> _TASK TO CARRY OUT_
Copy the entries exactly. Their pictures do not belong in the copy.

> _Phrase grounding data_

- Opening Delimiter -

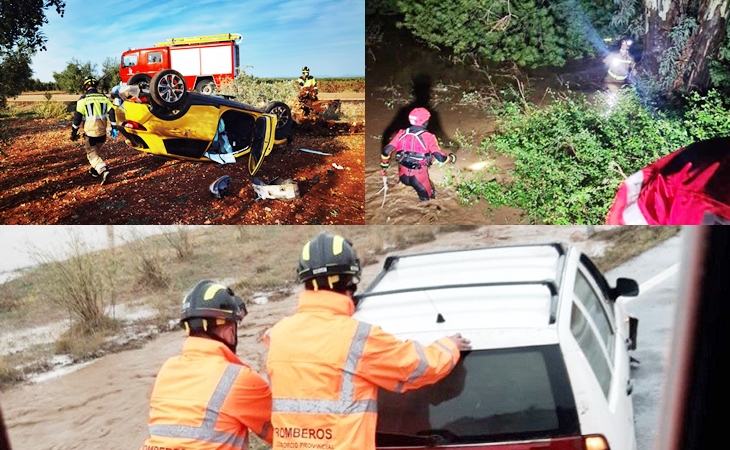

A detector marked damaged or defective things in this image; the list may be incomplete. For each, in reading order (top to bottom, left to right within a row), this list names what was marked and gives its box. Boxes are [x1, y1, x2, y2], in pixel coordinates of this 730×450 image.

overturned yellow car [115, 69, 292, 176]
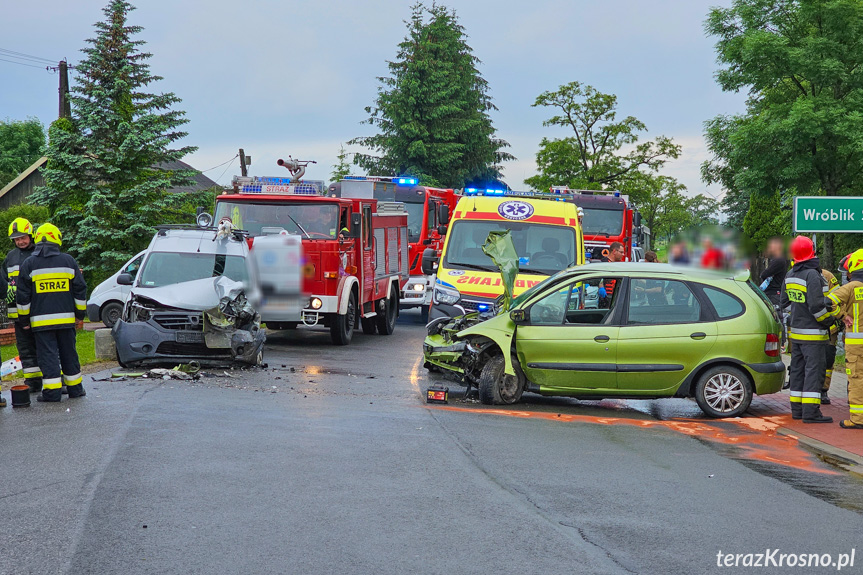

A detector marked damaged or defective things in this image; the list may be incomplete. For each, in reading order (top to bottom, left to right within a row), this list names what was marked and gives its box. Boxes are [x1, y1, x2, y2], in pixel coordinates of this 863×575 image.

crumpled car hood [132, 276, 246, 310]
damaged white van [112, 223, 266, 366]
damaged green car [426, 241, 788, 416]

- Closing Delimiter -

> _RESULT BELOW_
A detector marked damaged or defective things in this image; the list may be incomplete. For each, in reading order (top to bottom, left to right within a row), this list names what was marked and gives its box. Boxes are [x1, y1, x2, y2], in pixel coordinates of this 730×450 image.

overturned yellow car [115, 69, 292, 176]

A detector marked damaged or defective things in this image; the list may be incomplete. For each, in reading order (top to bottom, left to right within a row), this list names what was marked and gives its box. Boxes are [x1, y1, x2, y2], in pixel coordinates of this 863×575 image.

crumpled car hood [132, 276, 246, 310]
damaged white van [112, 223, 266, 366]
damaged green car [426, 241, 788, 416]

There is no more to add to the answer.